Books Do Furnish a Room
- First edition cover
- Author: Anthony Powell
- Cover artist: James Broom-Lynne
- Language: English
- Series: A Dance to the Music of Time
- Publisher: Heinemann
- Publication date: 1971
- Publication place: United Kingdom
- Media type: Print (hardback and paperback)
- ISBN: 0-316-71544-1 (HB)
- Preceded by: The Military Philosophers
- Followed by: Temporary Kings

= Books Do Furnish a Room =

Book by Anthony Powell

Books Do Furnish a Room is a novel by Anthony Powell, the tenth in the twelve-novel sequence A Dance to the Music of Time. It was first published in 1971 and, like the other volumes, remains in print.

==Synopsis==
The book conveys the atmosphere of post-war austerity as the characters that have survived attempt to resume their former life after the interruption of the conflict. Nicholas Birns has observed, “the novel’s title connotes a provisional postwar recovery.”

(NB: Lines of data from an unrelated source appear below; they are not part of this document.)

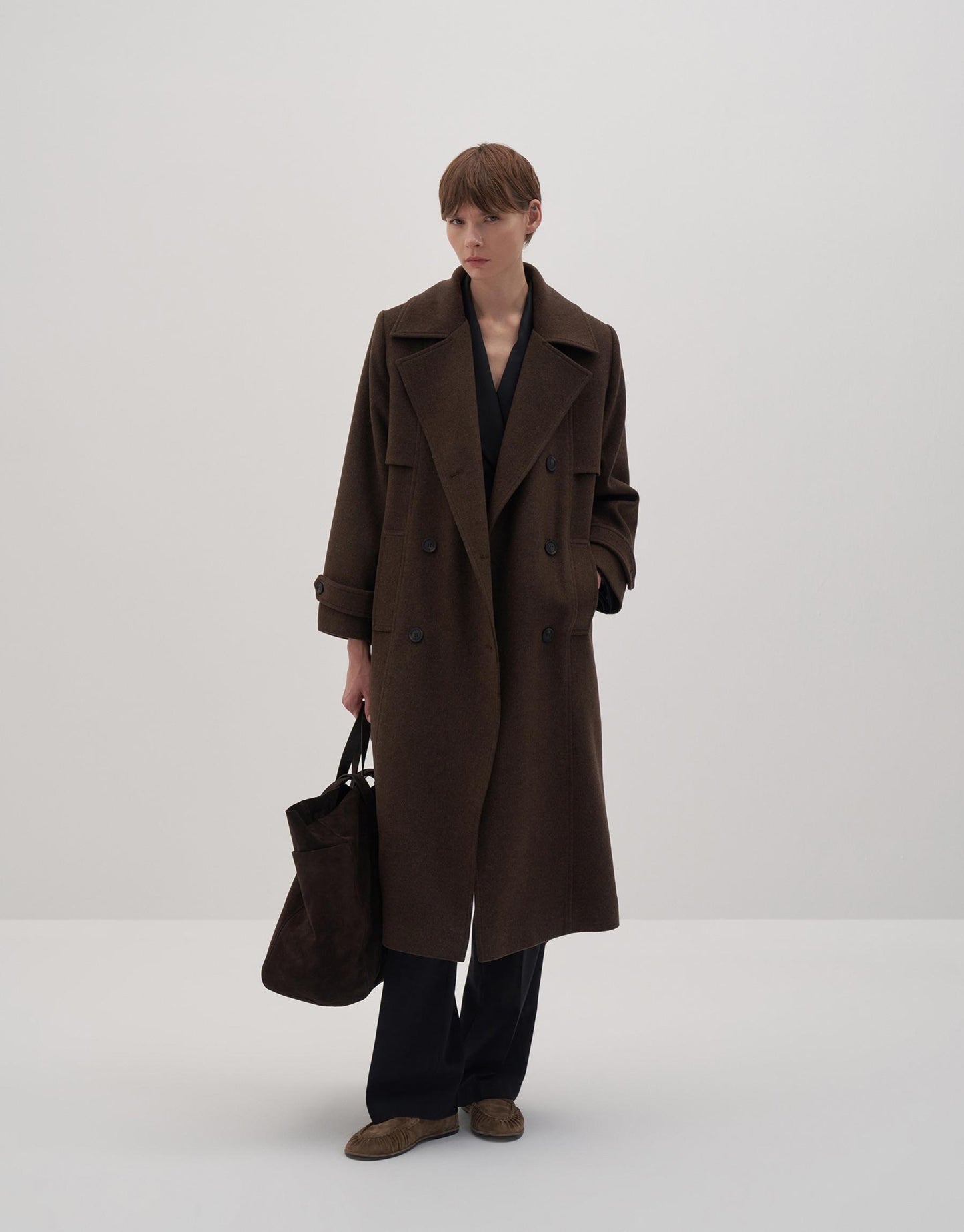 PADDED WOOL COAT BROWN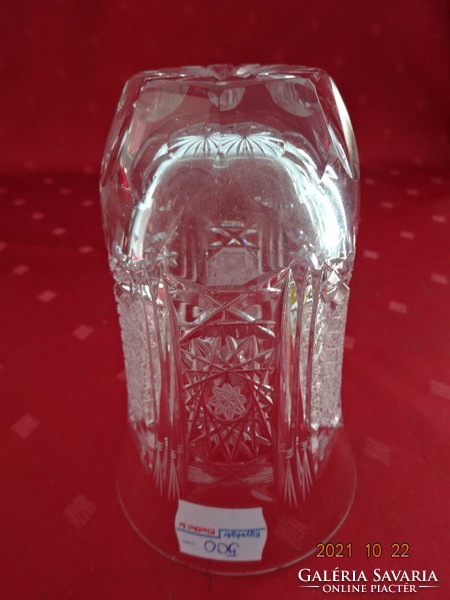 Crystal glass, height 11.7 cm, diameter 8 cm. He has!
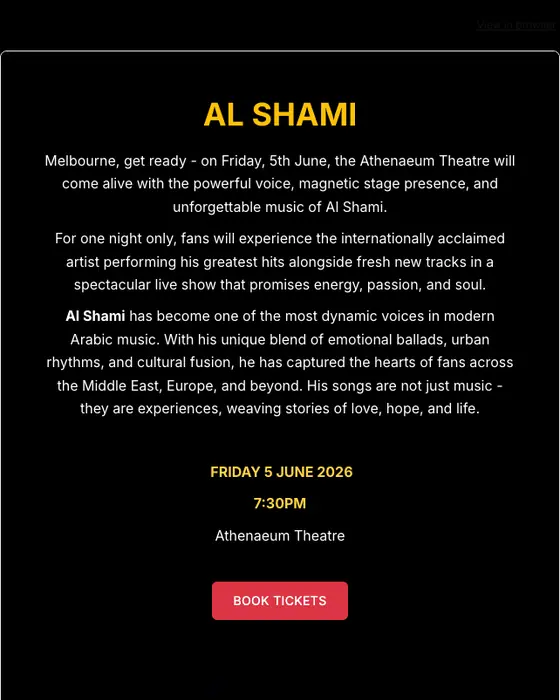 Athenaeum Theatre promotional email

It deals in particular with the chaotic career of X. Trapnel as a writer and the brief life of the new magazine Fission. This is sponsored by Rosie Manasch and published by the left-wing firm of Quiggin and Craggs (the latter now knighted and married to Gipsy Jones). Also working for the firm is Ada Leintwardine, who Nick Jenkins first meets while she is acting as temporary secretary to Sillery, and to whom Quiggin proposes marriage after the firm is taken over at the end of the novel. Associated with the magazine are Books-do-furnish-a-room Bagshaw, the general editor; Nick, who acts as reviews editor; and Kenneth Widmerpool, now a Labour MP, writing on politics and economics.

As always, the story is narrated by Nick Jenkins, who is currently researching a book on Robert Burton's Anatomy of Melancholy, quotations from which are frequently applied by way of commentary to the different situations he encounters in the novel. “Given the emphasis on literature in Books Do Furnish A Room, we see more of Nicholas Jenkins as a writer than ever before.” During its course Nick and his Tolland relations attend the funeral after Erridge's early death; it is also attended by Widmerpool and his wife Pamela, who typically manages to disrupt the ceremony and the family gathering at Erridge’s living quarters at Thrubworth afterwards. Towards the end of the novel, she leaves Widmerpool to live in squalor with Trapnel for awhile, finally returning to Widmerpool after scattering the manuscript of Trapnel's new novel, Profiles in String, into the canal for him to discover on returning from an evening's drinking.

The New York Times reviewer, Raymond A. Sokolov, noted that Books Do Furnish a Room includes a delicious collection of made-up book titles. X. Trapnel's "Camel Ride to the Tomb" is included in Imaginary Books: Lost, Unfinished and Fictive Works Found Only in Other Books.

Books Do Furnish a Room is dedicated to editor and publisher, Rupert Hart-Davis.